I guess we can implement assert with the semantics of VERIFIER_assert, in particular we terminate the thread on assertion failure. The parsed code of VERIFIER_assert would then reduce to the (redundant) code assert(0);abort() which is equivalent to just assert(0) (only for the case of a failed assertion). Do we want this, or should a simple assert not terminate the thread on failure (and if it does not, what should it do?).

hernanponcedeleon commented 3 years ago

@ThomasHaas is right that once an assertion is violated, the execution at the C level would just stop. For verification however, we "continue" the execution. I don't think this is really a problem because anyway we will report that a violation was found; if more events than necessary where executed, this is irrelevant from the point of view of verification.

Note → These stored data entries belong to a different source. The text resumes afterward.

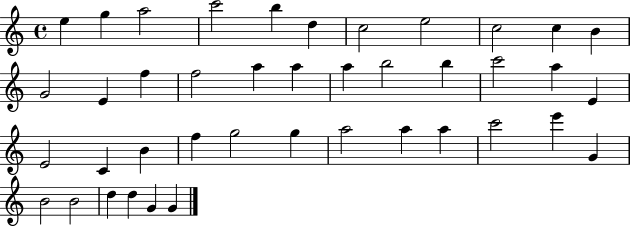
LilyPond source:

{
  \clef treble
  \time 4/4
  \defaultTimeSignature
  \key c \major
  e''4 g''4 a''2 | c'''2 b''4 d''4 | c''2 e''2 | c''2 c''4 b'4 | \break g'2 e'4 f''4 | f''2 a''4 a''4 | a''4 b''2 b''4 | c'''2 a''4 e'4 | \break e'2 c'4 b'4 | f''4 g''2 g''4 | a''2 a''4 a''4 | c'''2 e'''4 g'4 | \break b'2 b'2 | d''4 d''4 g'4 g'4 | \bar "|."
}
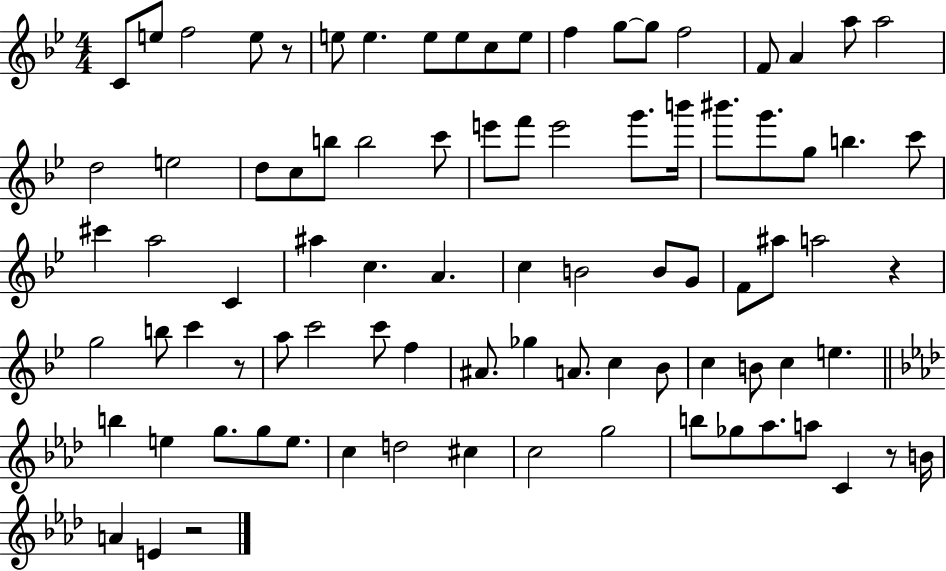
{
  \clef treble
  \numericTimeSignature
  \time 4/4
  \key bes \major
  \repeat volta 2 { c'8 e''8 f''2 e''8 r8 | e''8 e''4. e''8 e''8 c''8 e''8 | f''4 g''8~~ g''8 f''2 | f'8 a'4 a''8 a''2 | \break d''2 e''2 | d''8 c''8 b''8 b''2 c'''8 | e'''8 f'''8 e'''2 g'''8. b'''16 | bis'''8. g'''8. g''8 b''4. c'''8 | \break cis'''4 a''2 c'4 | ais''4 c''4. a'4. | c''4 b'2 b'8 g'8 | f'8 ais''8 a''2 r4 | \break g''2 b''8 c'''4 r8 | a''8 c'''2 c'''8 f''4 | ais'8. ges''4 a'8. c''4 bes'8 | c''4 b'8 c''4 e''4. | \break \bar "||" \break \key aes \major b''4 e''4 g''8. g''8 e''8. | c''4 d''2 cis''4 | c''2 g''2 | b''8 ges''8 aes''8. a''8 c'4 r8 b'16 | \break a'4 e'4 r2 | } \bar "|."
}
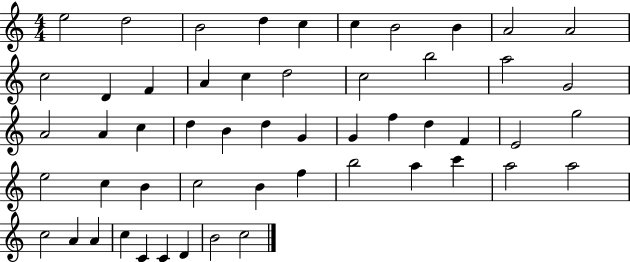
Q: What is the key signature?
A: C major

About the fact that abort only halts the current thread: this is not a problem because the only way (at least that comes to my mind) events of other threads could not be scheduled before the abort is if there is a shared mutex with the current thread which blocks the other thread, but since the execution is blocked, it will be equivalent to terminating that thread.

About what command to use for writing assertions: the optimal way of handling this would be to use the assert.h library. Unfortunately, when converting to LLVM and then to boogie, I have seen assert() converted to many different variations including __assert_rtn, assert_.i32, __assert_fail and assert_. I think this depends on the compiler and maybe even the underlying architecture. We still support many of these, but since we cannot guarantee that assert(exp) would be compiled to some assert_whatever(exp), I think the best is to use a custom command, e.g. DAT3M_assert and instruct the user to use this one in the documentation. However, we need to add some dat3m.h library (and add to our compilation cmd here and here) defining this (and any other custom command as DAT3M_assert and DAT3M_nondet_X) as extern functions.

There are quite a few commands that get parsed as assert (precisely, they are parsed into local events assert_index <- exp and then we have a reachability condition \/ assert_i). All the weird tags I mentioned above result in such local event. A call to reach_error() gets parsed as assert_index <- 0. In SVCOMP there is no notion of assertion. SVCOMP is more than just reachability problems, they have a whole language of properties. For the reachability category, the actual problem to be solved is "is there any execution which calls reach_error()?". This is defined by this file. I think we should also document that reach_error() has special semantics for us and the user should not use this name for other purposes.

ThomasHaas commented 3 years ago

@ThomasHaas is right that once an assertion is violated, the execution at the C level would just stop. For verification however, we "continue" the execution. I don't think this is really a problem because anyway we will report that a violation was found; if more events than necessary where executed, this is irrelevant from the point of view of verification.

Well, that is where the problem with assume comes in, since a later assume may invalidate the execution if the assertion does not cause a complete termination (which it doesn't). We could always go with the assume_abort_if_not semantics for our assume though. This semantics, however, do affect the control flow (analysis).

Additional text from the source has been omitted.